- WHAT IS REQUIRED
Within the entries below, please retype exactly the lines starting with the line that has "CEASEFIRE NOW FREE" and going on through the line that has "Grey Owl Cardigan - 2T, 4T, 6T, 8Y", but not the pictures.

[[ DATA SHOWN open ]]

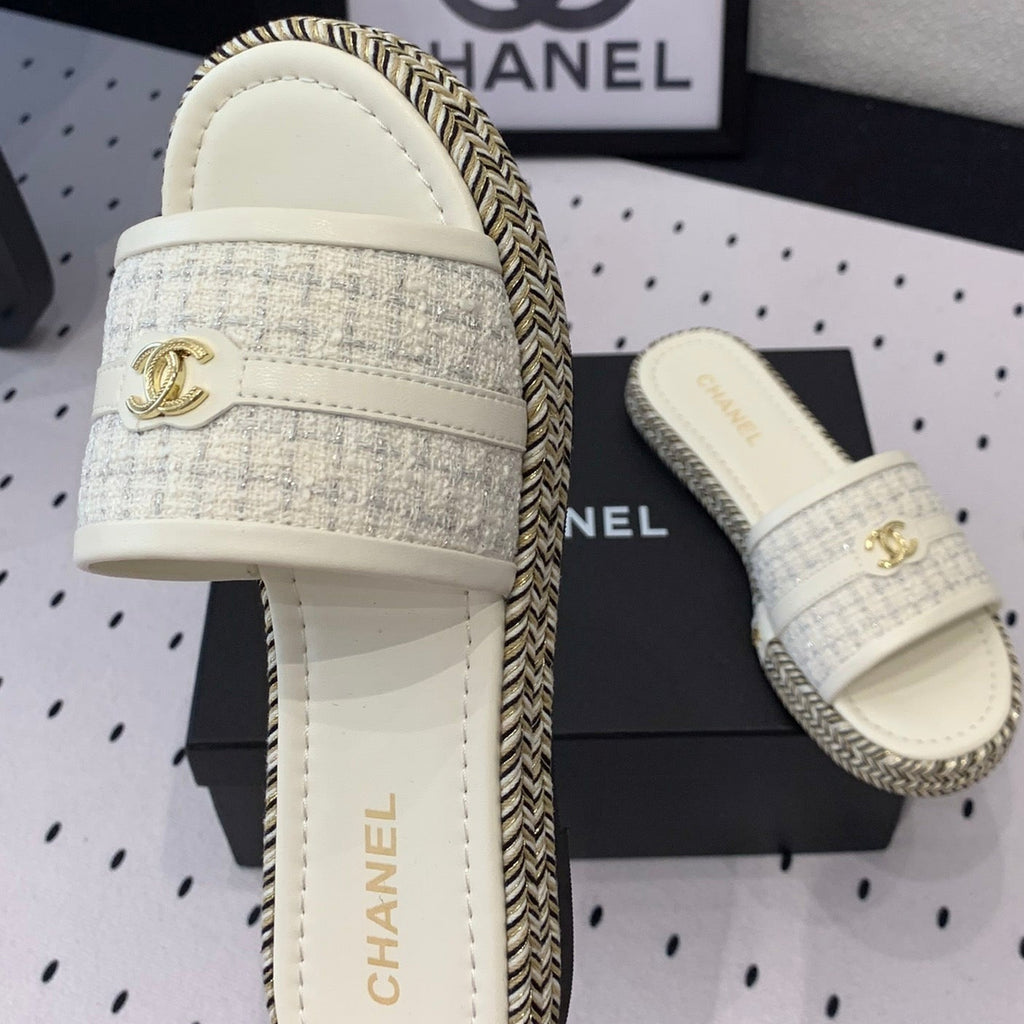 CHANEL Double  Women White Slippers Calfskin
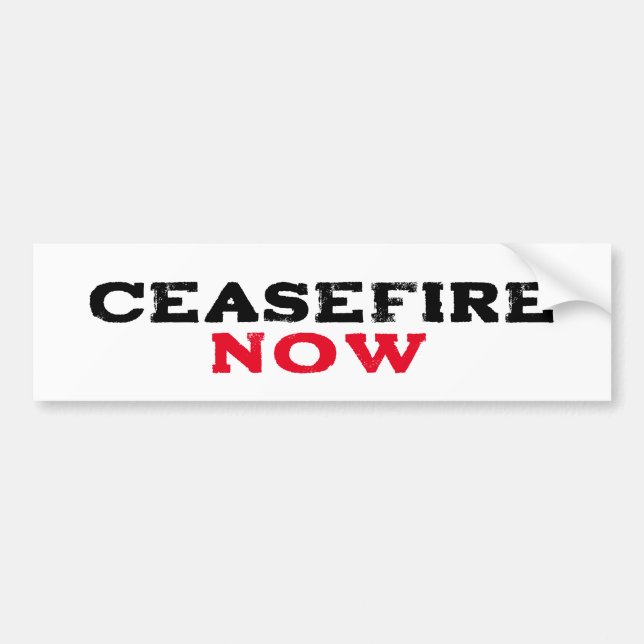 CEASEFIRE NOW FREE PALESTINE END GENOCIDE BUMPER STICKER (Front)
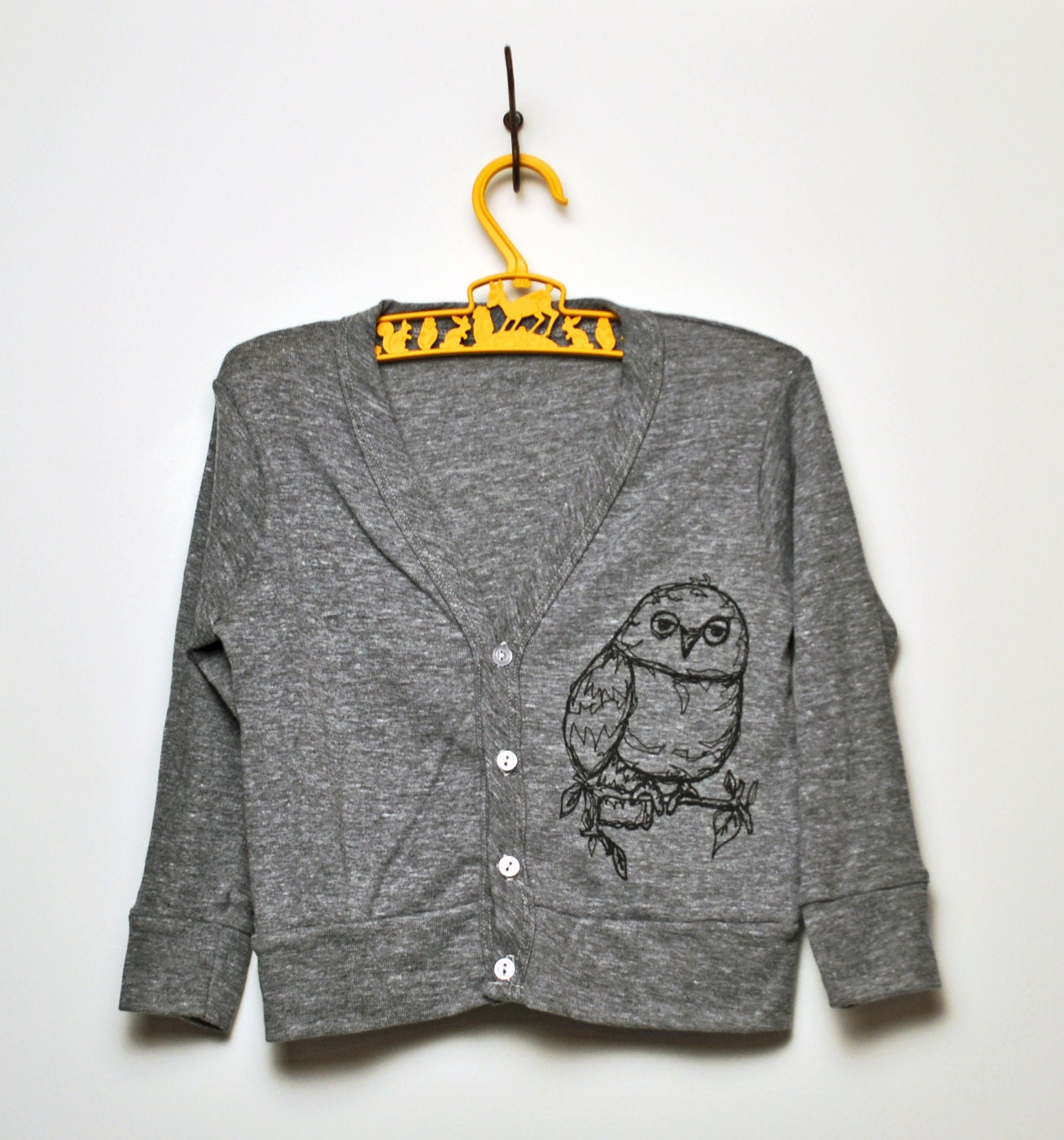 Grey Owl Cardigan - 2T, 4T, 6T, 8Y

[[ DATA SHOWN closed ]]
[[ DATA SHOWN open ]]

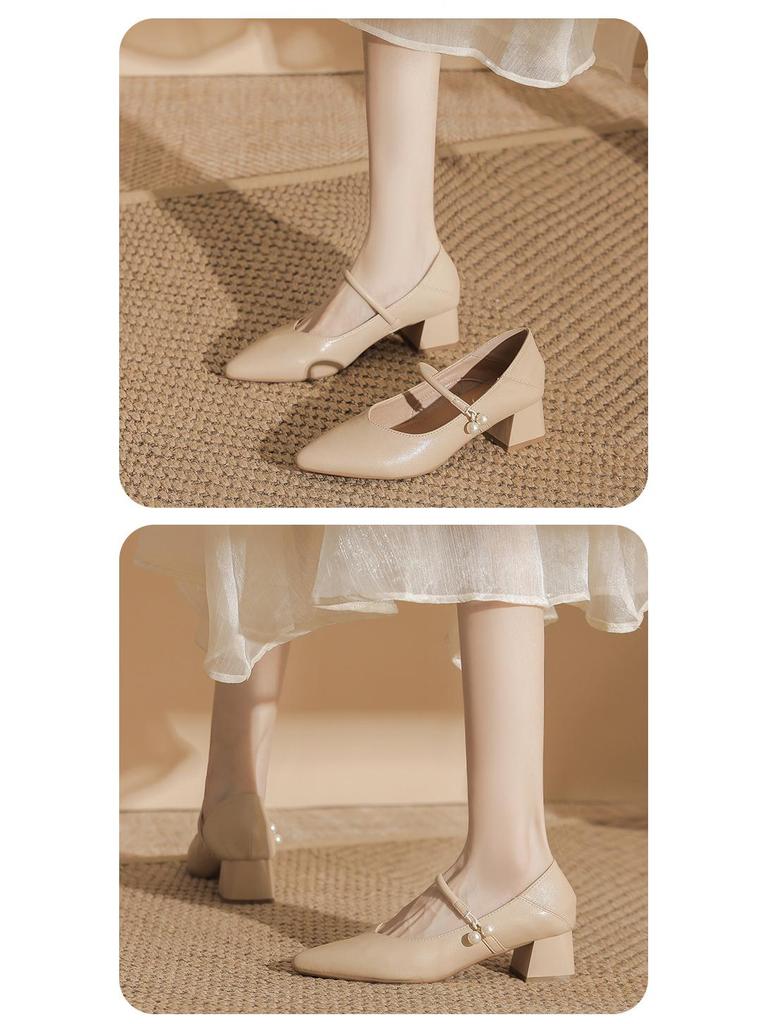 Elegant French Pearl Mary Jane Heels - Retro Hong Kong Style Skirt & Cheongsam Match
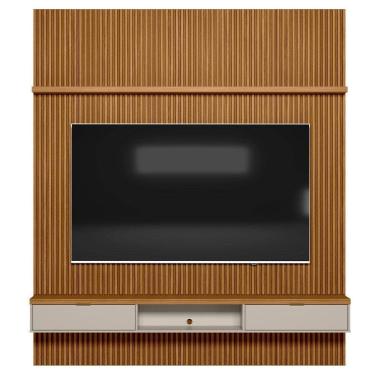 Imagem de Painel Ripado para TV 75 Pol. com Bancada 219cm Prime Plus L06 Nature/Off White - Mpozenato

[[ DATA SHOWN closed ]]
[[ DATA SHOWN open ]]

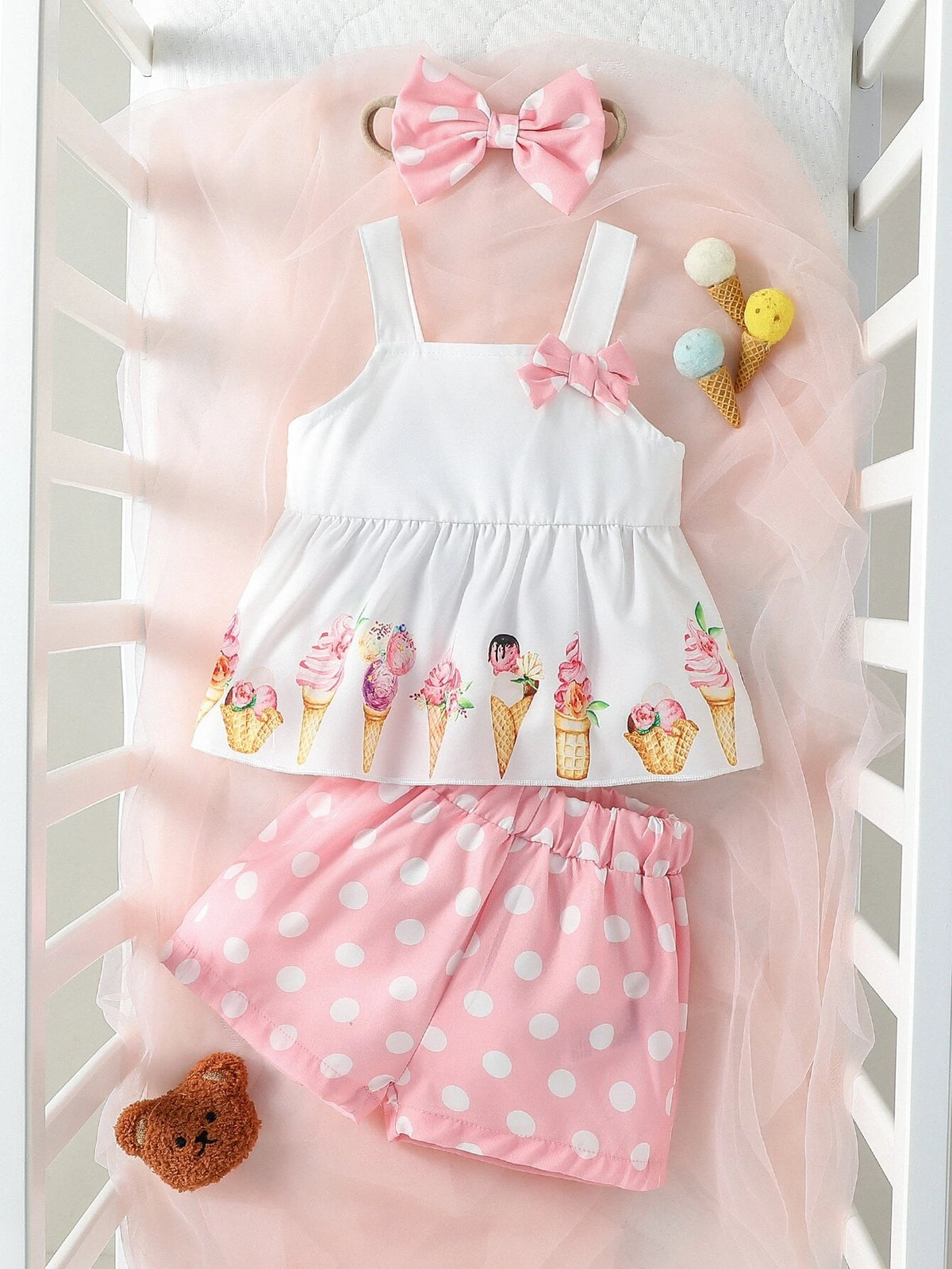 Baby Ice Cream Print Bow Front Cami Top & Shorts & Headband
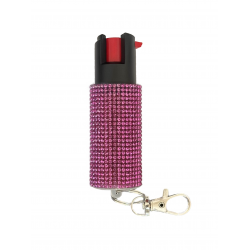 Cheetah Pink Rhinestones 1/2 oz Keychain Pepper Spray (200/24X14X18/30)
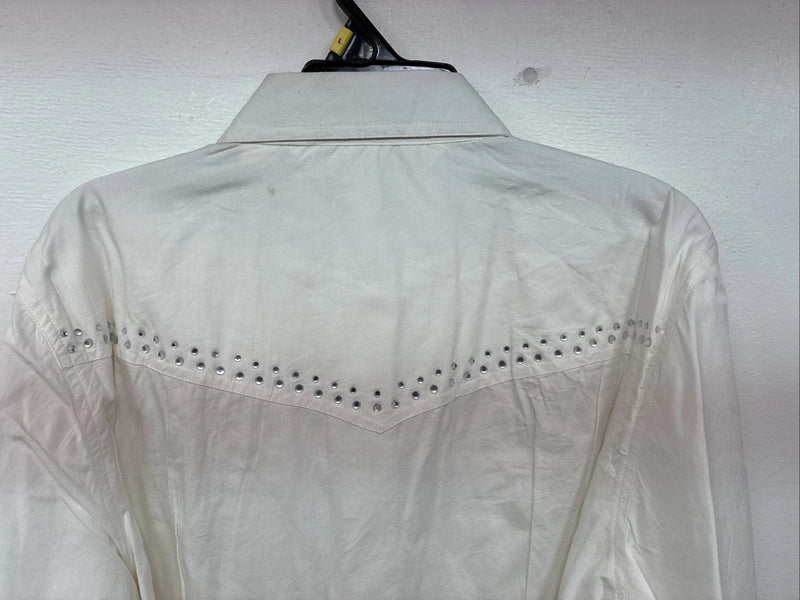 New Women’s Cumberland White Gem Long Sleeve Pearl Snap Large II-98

[[ DATA SHOWN closed ]]

- PROBLEM SOLUTION
 CEASEFIRE NOW FREE PALESTINE END GENOCIDE BUMPER STICKER (Front)
 Grey Owl Cardigan - 2T, 4T, 6T, 8Y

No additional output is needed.